Все вышесказанное (которое я назвала бы небольшим прологом к статье) призвано показать, с одной стороны, насколько важна роль истинного философского понимания действительности, с другой,- что это истинное понимание не может быть достигнуто без таких одинаково важных и равноценных по значимости категорий, как рациональное и иррациональное.

В данной статье, ставящей цель прояснить природу рационального и иррационального, я буду опираться на философию А. Шопенгауэра, во-первых, потому что абстрактное, не наполненное конкретным, живым содержанием рассуждение о какой бы то ни было проблеме дает слишком мало пищи уму, нисколько не насыщая его.
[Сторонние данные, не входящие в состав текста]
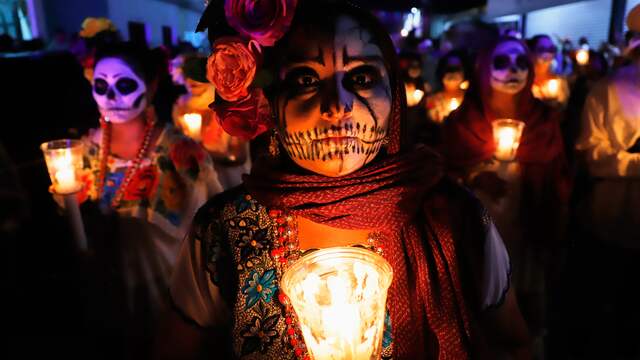 Duizenden mensen eren hun voorouders tijdens Dag van de Doden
Во-вторых, потому что именно у Шопенгауэра проблема рационального и иррационального, звучавшая до него глухо, как бы из подполья, вышла наружу, стала предметом открытого, широкого, осознанного и тщательного рассмотрения (хотя сам термин «иррациональное» и отсутствует в его философии, рациональному немецкий философ противопоставляет «иллюминизм»). В отличие от иррационалистов последующей формации (например, К. Ясперса, М. Хайдеггера), которые, стремясь отмежеваться от иррационализма «второй свежести» («почва и кровь»), весьма строго и сдержанно говорят об иррациональном, Шопенгауэр пишет откровенно, смело, страстно, его философия - это обнаженный нерв иррационального, в ней бьется сильный, мощный жизненный пульс, наполненный живой энергией иррационального.

Для начала - самое общее определение рационального и иррационального. Рациональное - это логически обоснованное, теоретически осознанное, систематизированное универсальное знание предмета, нечто «в масштабе разграничивания» (Хайдеггер). Это в гносеологическом плане. В онтологическом - предмет, явление, действие, в основании бытия которых лежит закон, формообразование, правило, порядок, целесообразность. Рациональное явление прозрачно, проницаемо, а потому его можно выразить рациональными средствами, т. е. понятийно, вербально, оно имеет коммуникабельный характер, способно быть передаваемо другому, способно быть воспринято всеми субъектами.

Иррациональное имеет два смысла. В первом смысле иррациональное таково, что вполне может быть рационализировано (так скульптор из бесформенной глыбы мрамора высекает прекрасную скульптуру - образ избитый, но чрезвычайно наглядный). Практически это есть объект познания, который поначалу предстает как искомое, неизвестное, непознанное. В процессе познания субъект превращает его в логически выраженное, всеобщее знание. Зачастую это иррациональное в нашей философской литературе называют нерациональным, но это в сущности неполный перевод на русский термина «иррациональный», где «ир» заменено «не». Правильнее, с моей точки зрения, подобное иррациональное обозначить как «еще-не-рациональное» (французский философ Анри де Любак (1896-1991) называет его инфрарациональным, недорациональным).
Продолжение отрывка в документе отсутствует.